The rule makes in order the following additional amendments to the Senate amendments to H.R. 22:

  1. Scott Perry (R-PA)—The amendment increases by 5% each fiscal year for four years, the percent amount that Export-Import should make available for small businesses. If they do not comply, they are barred for issuing any loans over $100,000,000.
  1. Mick Mulvaney (R-SC)—The amendment limits Export-Import Bank authorizations to countervailing purposes in order to meet competition from foreign export credit agencies.
  1. Mick Mulvaney (R-SC)—The amendment requires Export-Import Bank authorizations above $10 million to be contingent on at least two denials of similar assistance from the private sector.

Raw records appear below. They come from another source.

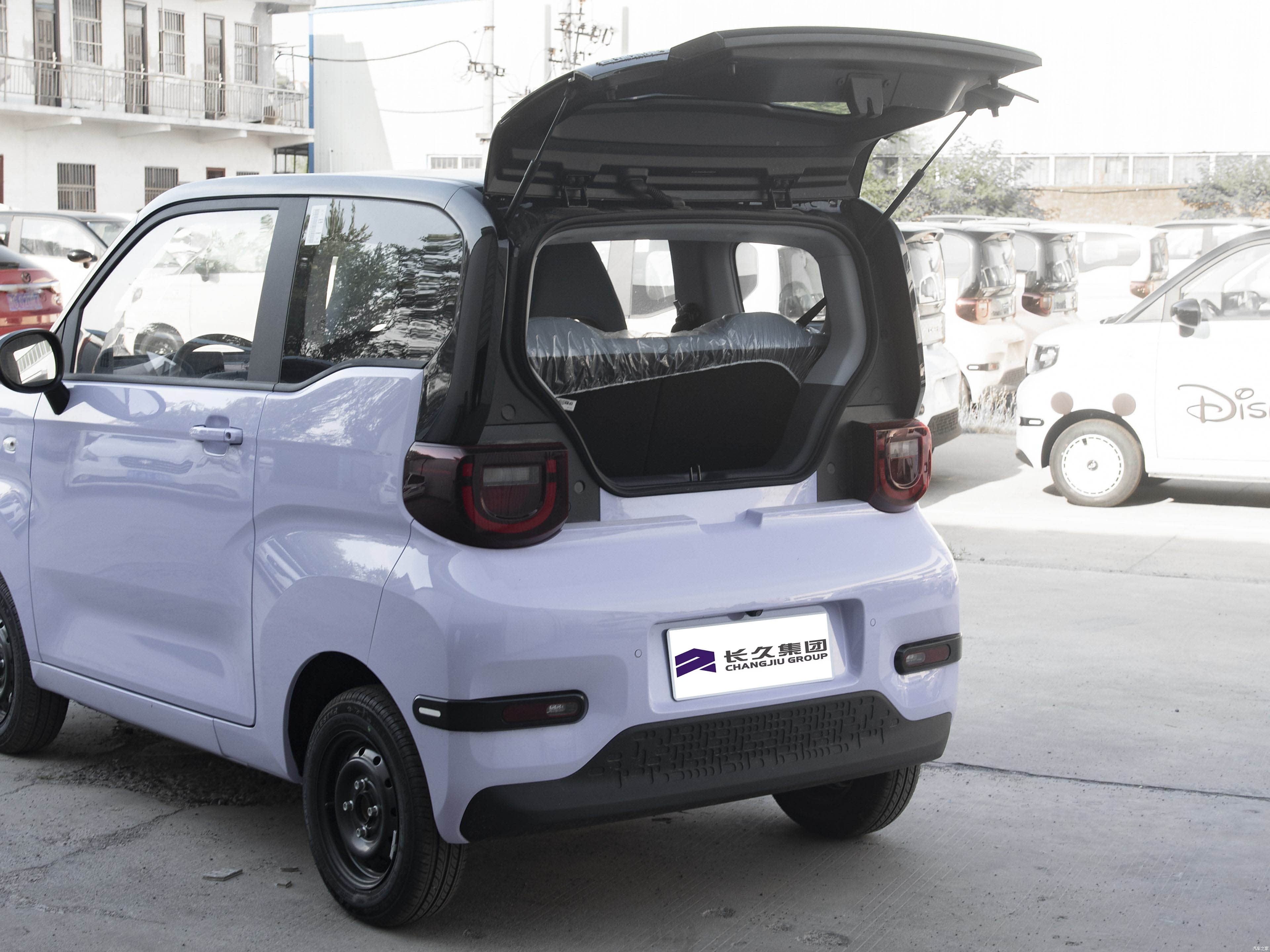 Chery QQ ice cream 12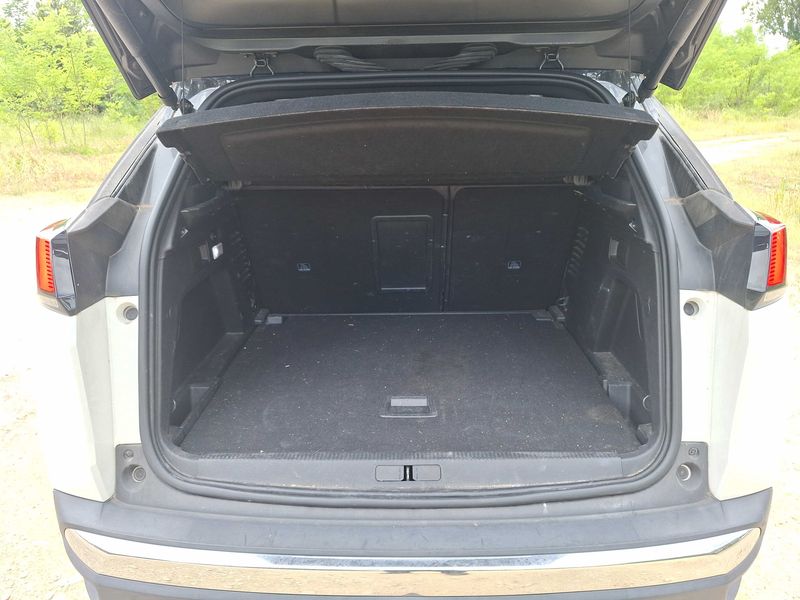 Peugeot 3008 1.6 THP GT Line 2018 – снимка 9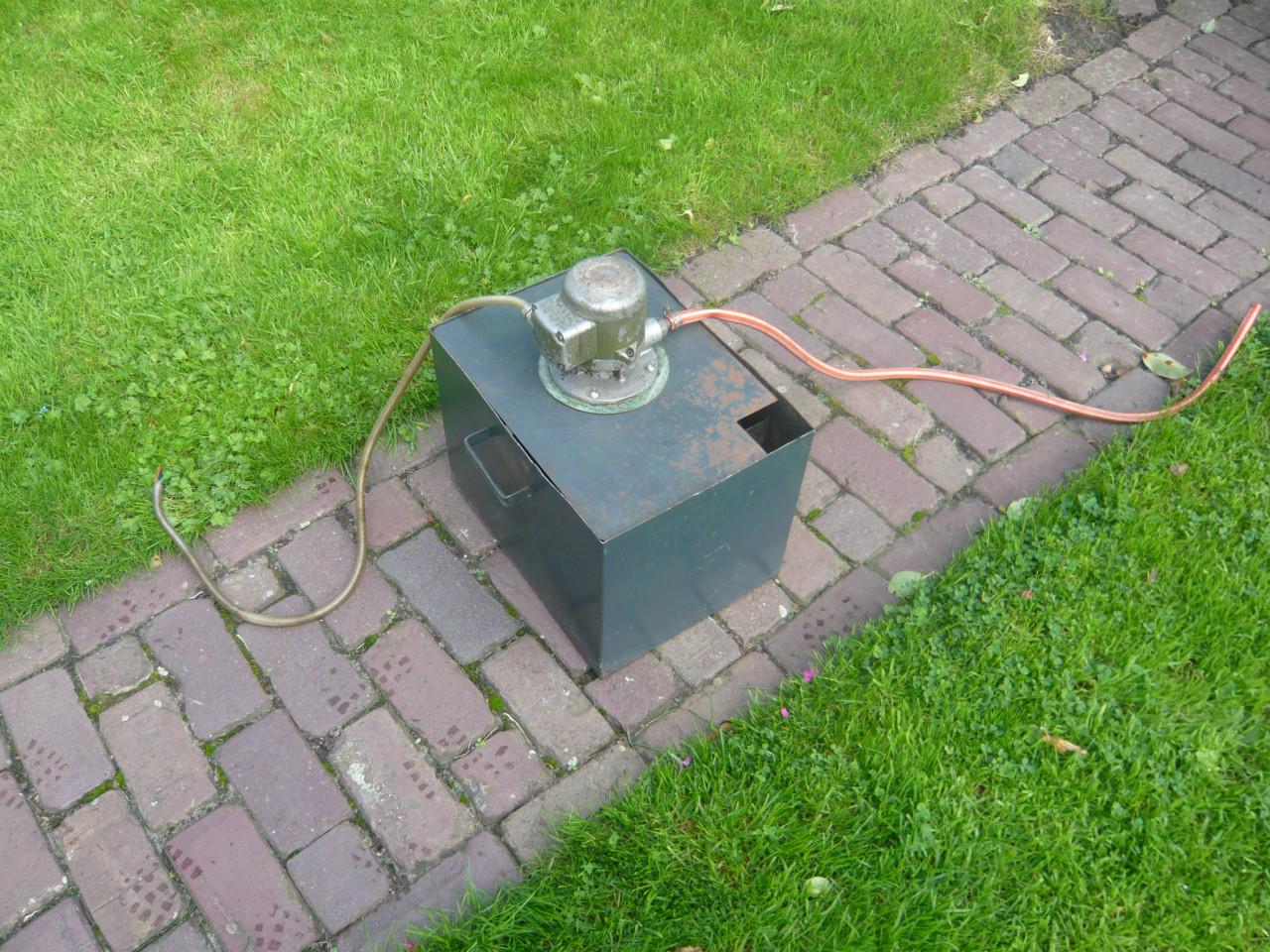 Koelvloeistofpomp op metalen reservoirbak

Stipulates penalties for making false claims when seeking Bank assistance.
  1. Mick Mulvaney (R-SC)—The amendment prohibits Export-Import Bank authorizations involving countries with a sovereign wealth fund of over $100 billion.

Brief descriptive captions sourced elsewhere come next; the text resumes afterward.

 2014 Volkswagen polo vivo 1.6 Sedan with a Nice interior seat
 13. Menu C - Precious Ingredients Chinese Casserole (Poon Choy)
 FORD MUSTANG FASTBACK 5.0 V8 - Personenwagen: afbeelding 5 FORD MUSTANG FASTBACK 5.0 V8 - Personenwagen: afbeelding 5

  1. Mick Mulvaney (R-SC)—The amendment reduces taxpayer exposure by removing Treasury guarantees for losses at the Export-Import Bank and removes borrowing authority from the Treasury.
  1. Mick Mulvaney (R-SC)—The amendment limits taxpayer exposure by ensuring diversification of industries and companies at the Export-Import Bank.

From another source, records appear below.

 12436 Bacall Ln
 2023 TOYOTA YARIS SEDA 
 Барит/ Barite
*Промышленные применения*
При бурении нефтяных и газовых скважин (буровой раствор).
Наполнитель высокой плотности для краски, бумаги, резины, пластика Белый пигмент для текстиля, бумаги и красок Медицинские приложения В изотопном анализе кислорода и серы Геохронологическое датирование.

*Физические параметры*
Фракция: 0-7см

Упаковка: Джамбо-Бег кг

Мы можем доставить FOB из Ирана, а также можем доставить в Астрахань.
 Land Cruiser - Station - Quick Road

  1. Keith Rothfus (R-PA)—The amendment prohibits the Export Import Bank from providing a guarantee or extending credit to a foreign borrower in connection with the export of goods or services by a U.S. company unless the U.S. company guarantees repayment of, and pledges collateral in an amount sufficient to cover, a percentage of the amount provided by the Bank and makes that guarantee senior to any other obligation. The amendment provides an exception to this requirement for small businesses.
  1. Ed Royce (R-CA)—The amendment prohibits Export-Import Bank assistance to state-sponsors of terrorism. The current prohibition under the Foreign Assistance Act is subject to low threshold waivers by the President.
  1. David Schweikert (R-AZ)—The amendment adds Fair Value Accounting Principles to the Export-Import provision of the underlying bill.
  1. David Young (R-IA)—The amendment requires the agency to disclose information on which a rule is based including data, studies, and cost-benefit analyses to the public.
  1. Mike Pompeo (R-KS)—The amendment directs GAO to conduct a study on how much non-commercial jet fuel tax revenue, paid for by business and general aviation, is diverted to the Highway Trust Fund due to the “fuel fraud” tax.
  1. Bill Foster (D-IL)—The amendment requires the Department of Transportation to issue an annual report detailing how the funds authorized in the bill are divided among the states and the sources of those amounts. It would also require the Internal Revenue Service to submit an annual report to Congress detailing the tax burden of each state.
  1. Roger Williams (R-TX)—The amendment clarifies that only rental car companies whose primary business is renting vehicles are covered by the new requirements in the Senate passed version of H.R. 22.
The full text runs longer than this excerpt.